Ini bukan bisik-bisik tenggara, tapi ini bisikan visual yang parau dari negeri yang kerap bergurau!
Labengki pulau jauh di pelupuk mata namun keindahannya begitu nyata. letaknya berada di Kec. Lasolo Kab. Konawe Utara, Sulawesi Tenggara. Pulau ini saya tempuh dengan menaiki perahu dari pelabuhan yang berada di pinggiran Kendari. Perjalanan kali ini ke Labengki boleh dibilang tidak ribet. Soalnya saya ikut trip kawan putra asli kelahiran Kendari entah berapa tahun yang silam. Meski kawan, saya tetap bayar ya, karena ini hitungan bisnis jadi gak ada kata gratis cuma harga sedikit miring, ya bisa dibilang harga teman sejati lah. Ongkos yang saya keluarkan Rp. 700.000 untuk sekali trip kalau harga umumnya pada saat itu di bandrol Rp. 900.000. beruntung lah saya punya kawan tukang jalan sedari kuliah. Meski kuliah kita berbeda, dia di Tenggara nya Sulawesi dan saya di ujung pulau Jawa dan kita kenal di medan, Sumatera Utara.
Sampailah saya di dermaga nya Labengki dengan jarak tempuh kurang lebih 4-5 jam berlayar dari pelabuhan Kendari. Yang mengasyikkan dari pulau ini ketika saya sampai dermaga Labengki. Saya langsung disambut dengan senyuman anak-anak pesisir nya Labengki mereka begitu ramah menyambut musafir seperti saya. Sepanjang perjalanan dari dermaga sampai menuju homestay mereka mengawal kami dengan penuh riang gembira. Ikra namanya anak kecil berbaju kulit transparan dan bertelanjang kaki ini anak yang setia menemani saya keliling Labengki kecil. Keakraban saya dengan Ikra memancing teman-teman Ikra yang lain untuk bermain. Ada rival, Rizal dkk nya membuntuti dari belakang.

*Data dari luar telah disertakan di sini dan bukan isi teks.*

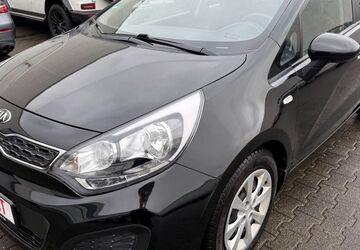 Kia Rio 113.000 km 5.950 &euro; Brühl 50321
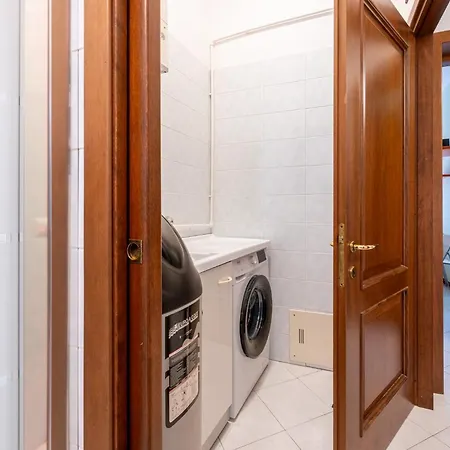 Station Colorful With Balcony X5 Lejlighed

Selain bermain, kita juga belajar bersama, metode pembelajaran sama dimulai dari bercerita. Ikra & rival mulai bercerita tentang pulau Labengki yang sudah ia tinggali dari tujuh tahun silam. Cerita dari mercusuar yang katanya dibom Belanda, Sampai anak nelayan yang di makan ikan hiu. Ah! pokoknya ada aja cerita Ikra & Rival menggelitik imaji. Setelah selesai cerita Ikra & Rival lanjut bernyanyi lagu ”anak pesisir” dengan suara yang parau. Pada saat itu saya jadi pendengar sejati dan menjadi saksi keaktifan mereka unjuk gigi. Setelah mendengar kan cerita dan bernyanyi giliran saya yang bercerita sambil menyelipkan pengetahuan umum cerita dimulai dari perjalanan saya tiba di Kendari, “setibanya kakak di Bandara Haluoleo, kakak di jemput mobil rental dari Kendari diperjalanan Kakak melewati Universitas Haluoleo Bla, Bla, (pokoknya panjang ceritanya) Kalian tau gak nama ibu kota “Sulawesi Tenggara?” Ikra jawab, “Kendari kak” hebat Ikra “kalau pahlawan asli dari Sulawesi Tenggara?” Deng-deng Ikra, Rival dan Rizal saling bertatapan mengisyaratkan ketidaktahuan. “Haluoleo adalah nama pahlawan yang dihormati di jazirah Sulawesi Tenggara makannya nama Beliau dijadikan nama bandara dan Universitas termasyhur di kota Kendari”, saya memberikan pencerahan ke pada mereka. Setelah puas bercerita kita lanjut bernyanyi tapi karena waktu mendekati temaram bernyanyi pun tetap kita dendang kan di sepanjang perjalanan pulang menuju homestay, nyanyian nya pun bukan lagu cinta-cintaan Jaman now. Tapi kita nyanyi lagu Nasional dari “maju tak gentar” sampai lagu “dari Sabang-Merauke” pokoknya hikmatnya perjalanan pulang menuju homestay bersama mereka.